A prior three-judge panel, led by two Donald Trump appointees, approved the government’s summary termination of the $16 billion Greenhouse Gas Reduction Fund program.

WASHINGTON (CN) — The full D.C. Circuit appeared split on Tuesday over whether it should vacate a preliminary injunction finding the Trump administration wrongfully gutted a Biden-era program meant to fund smaller climate projects by setting up intermediary investment funds. 

The en banc panel was called back to the case, after a smaller panel indicated the Trump administration could claw back nearly $16 billion in grants, by a group of “green banks” who argued that the Environmental Protection Agency had unlawfully gutted the Greenhouse Gas Reduction Fund without proper explanation. 

The grants, authorized under Biden’s Inflation Reduction Act, were awarded to fund clean energy projects across the country. Climate United received $6.97 billion, Coalition for Green Capital $5 billion and Power Forward $2 billion.
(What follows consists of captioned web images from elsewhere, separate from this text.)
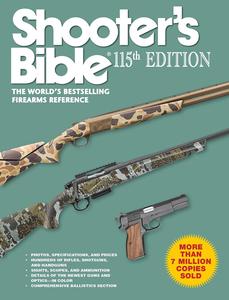 Shooter's Bible The World's Bestselling Firearms Reference, 115th Edition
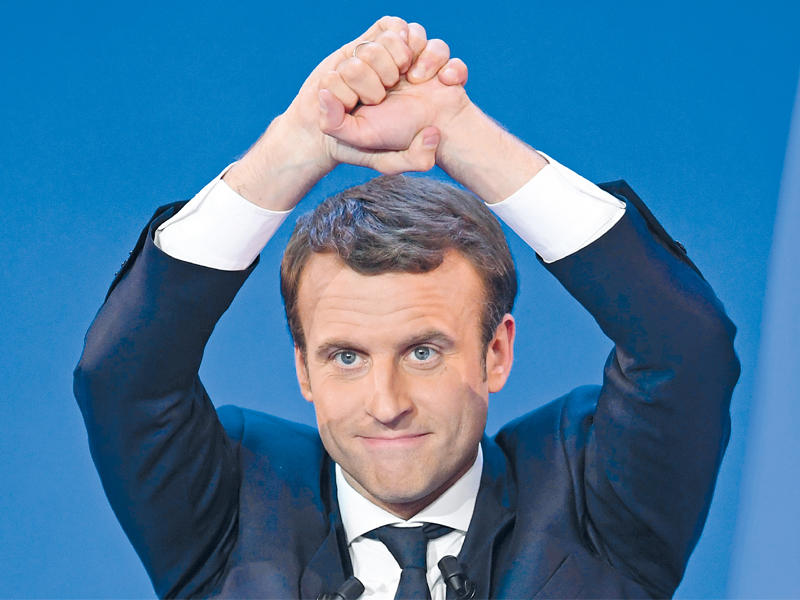 إيمانويل ماكرون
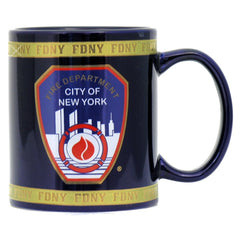 FDNY Coffee Mug Officially Licensed by The New York Fire Department 11oz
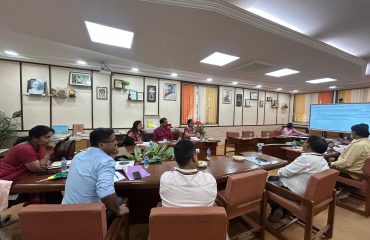 Ms. V. Vidyavathi, IAS, Secretary, DEPwD, MSJE visited AYJNISHD(D), Mumbai on 18th December 2025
A three-judge panel, dominated by Donald Trump appointees, determined in a 2-1 ruling that U.S. District Judge Tanya Chutkan exceeded her authority by issuing the injunction. The judges found that since the dispute was contractual, only the Court of Federal Claims has jurisdiction over the case

In their Sept. 2 opinion, U.S. Circuit Judges Neomi Rao and Gregory Katsas sided with the Justice Department’s assertion that it was necessary to summarily eliminate the grant program due to a lack of proper oversight and management. 

U.S. Circuit Judge Cornelia Pillard, a Barack Obama appointee, was the lone dissenter and slammed her colleagues for ignoring the government’s pretextual effort to effectuate Trump’s anti-climate policy goals. 

The green banks petitioned for a rehearing before the full court, asserting that the EPA had no statutory authority to demand back the funds that had been congressionally appropriated and disbursed to their Citibank accounts. When it agreed to rehear the case, the court froze the merit panel’s ruling, leaving the $16 billion with Citibank. 

Justice Department attorney Jacob Roth urged the en banc court to fully vacate Chutkan’s injunction as clearly erroneous, asserting that Congress’s decision to repeal the Greenhouse Gas Reduction Fund program via Trump’s “Big, Beautiful Bill” last summer meant the banks could no longer press their separation of powers claim.

“It wouldn’t really make sense if the goal of the claim is to vindicate what Congress wanted,” Roth said. “Congress has now told us they don’t want this program.”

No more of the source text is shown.